A family member recently remarked to me that now that New Year’s celebrations are over, and both Christmas and seasonal fall activities are over, it’s harder to imagine getting back to the daily routine. Here in the northeast it is cold and gray everywhere: gray in the sky, gray in city buildings, and gray roads and sidewalks when the ground is bare of snow. The way that my relative describes it sounds neither like consolation nor desolation, but more like a feeling that one is “neither here nor there” seasonally. He’s experiencing Ordinary Time with a hefty dose of neutrality over colorfulness.
My own environmental solution for years has been to leave up the interior Christmas lights that hang in our dining room and to light my battery-powered candles every night when the sun sets. We need a little light and cheer in the ordinary times as well as during the holidays when the displays are more exuberant.

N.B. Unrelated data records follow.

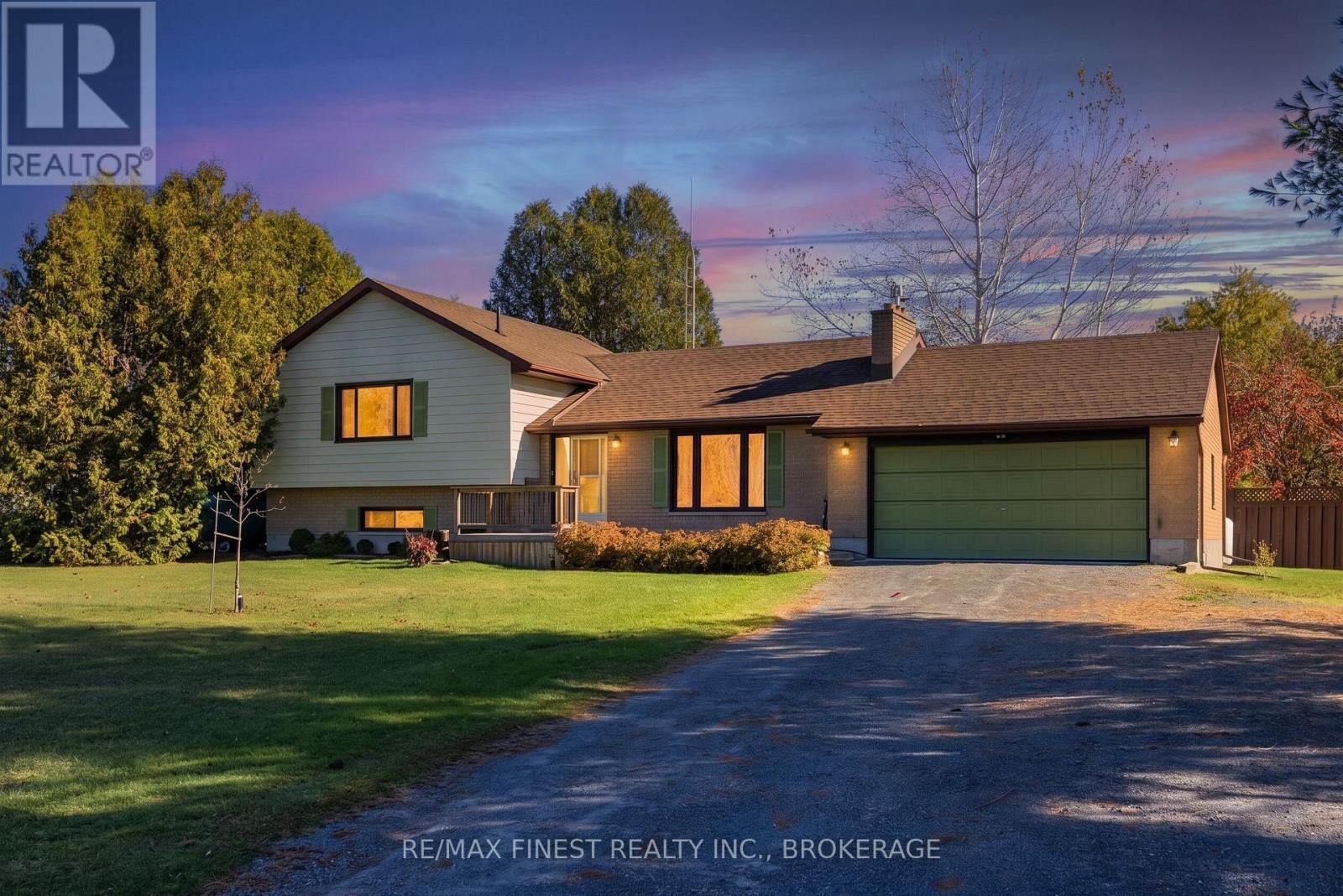 Property Photo:  6124 Bank Street  ON K0H 2W0 
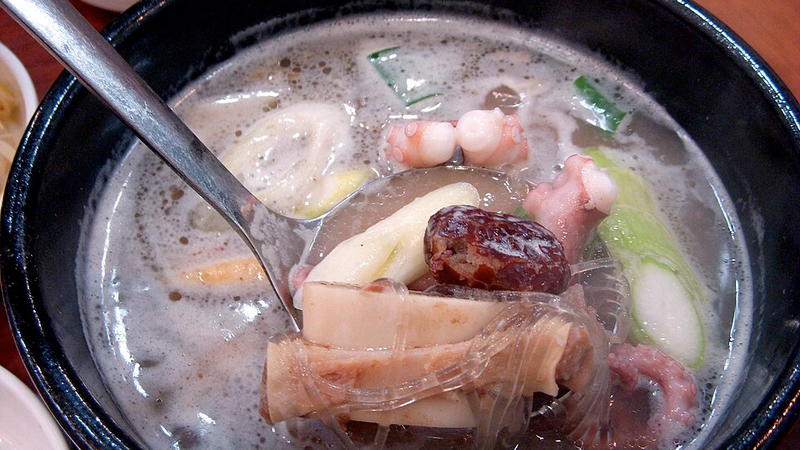 A bowl of clear octopus soup.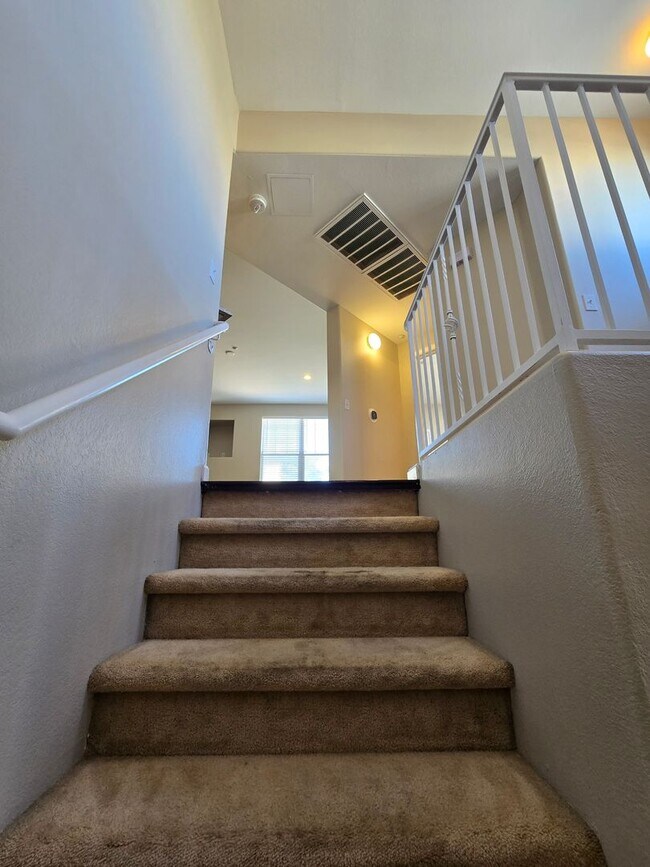 Building Photo - Awesome 2 bedroom 2 bath unit!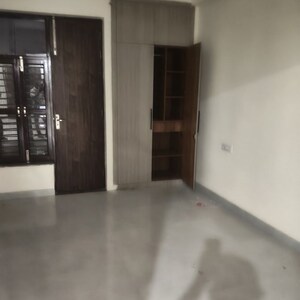 Room in 2 BHK Builder Floor at Sector 5 – for Rent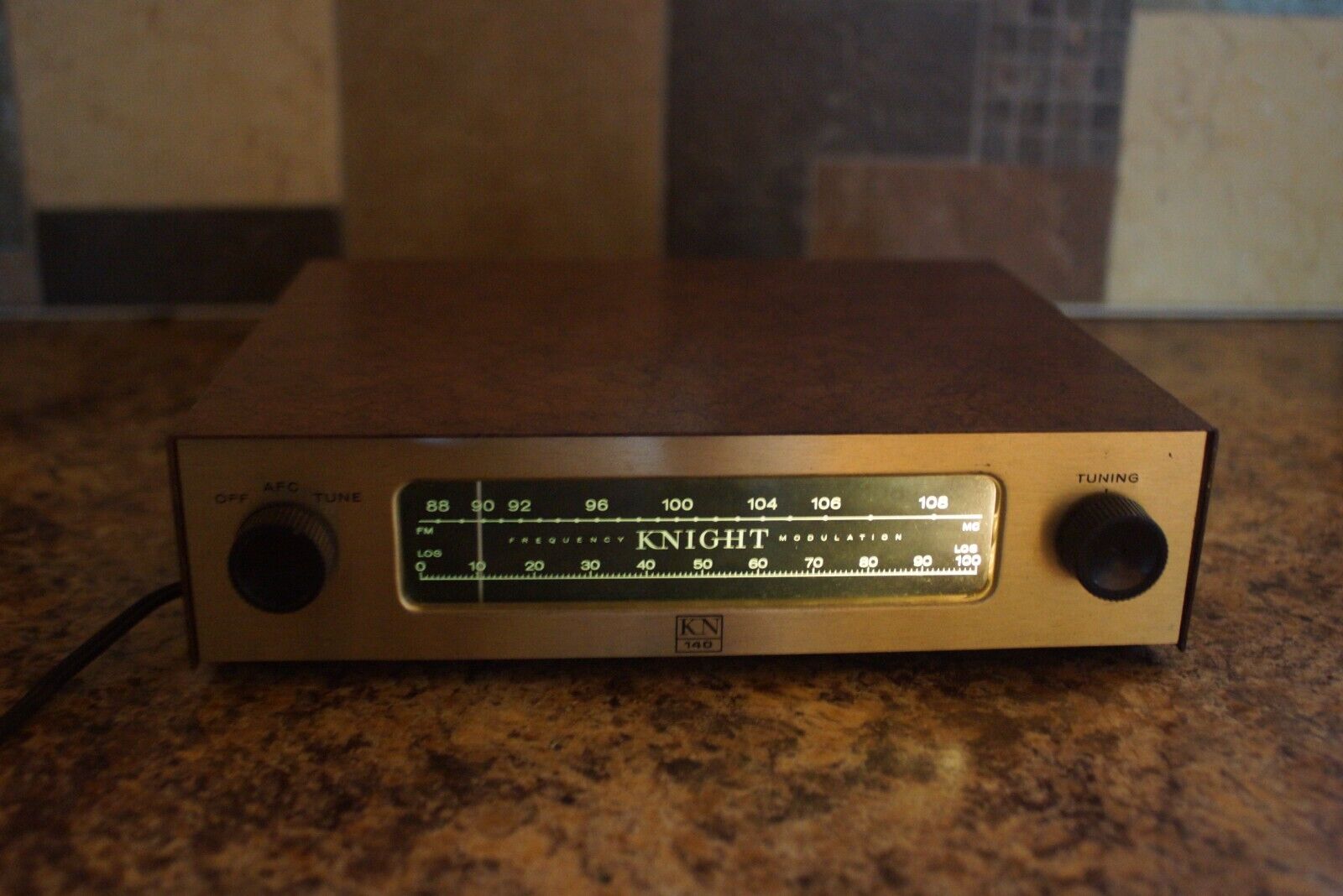 Knight KN140 Smallest Ever FM Tube Radio.Powers Up On All Tubes.No Output.READ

We can also think about the Examen in Ordinary Time as a way of looking for the light in our past day. Indeed, St. Ignatius often counseled to ask for light. For me this is linked back to St. Augustine’s idea of God as the one who illuminates our knowledge; he thought that we needed some supernatural assistance in the course of our thinking.

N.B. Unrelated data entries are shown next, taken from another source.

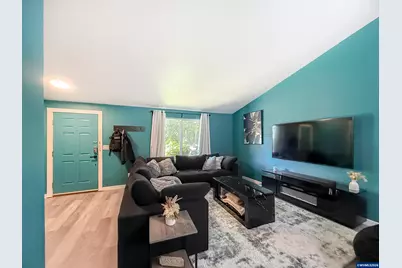 851 Griffin Dr, Monmouth, OR 97361 - Photo 4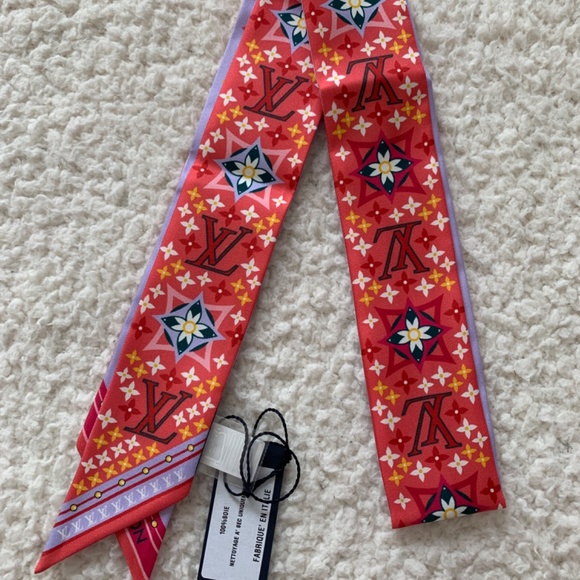 NEW LOUIS VUITTON FLOWERS FOREVER BANDEAU - M77684 - Picture 9 of 13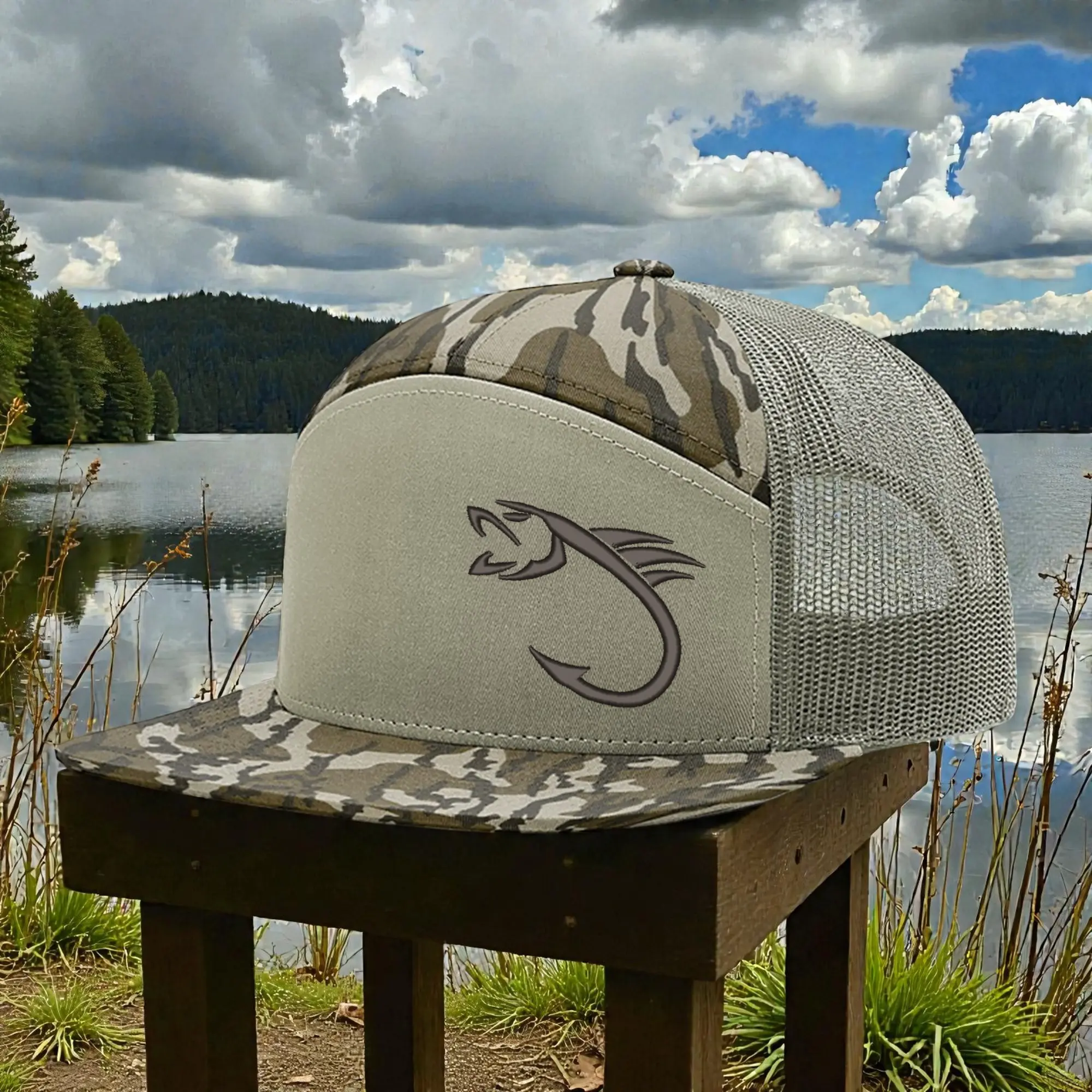 Mens Casual Embroidered Fishhook Graphic Trucker Hat - Adjustable Expandable Snap Closure, Breathable Mesh Back, Fisherman Hunting-Themed Outdoor Cap - Ideal for Fishing Enthusiasts, Mens Hats, Fisherman Hats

Indeed, when I pray the Examen, I often need God to help me with my very prayer. Perhaps when sitting in prayer, I feel a quiet sense of warmth and peace that comes when I offer gratitude for an unexpected encounter with a friend. Maybe I arrive at the time of prayer tired or thinking about too many things to notice where God has been present, and then suddenly I am reminded of how pretty the pink-hued sunrise was when my husband and I walked the dog—divine light pointing out earthly light.
Ordinary Time has its moments, too, precisely because it is ordinary. The intense activity of travel to see family, sumptuous meals, and lots of social gatherings calms to a more ordinary daily routine. But God is present in the routine too. We just need to take the time to look for God and allow God to look for the light with us as we pray.
Where have you found moments of light in Ordinary Time?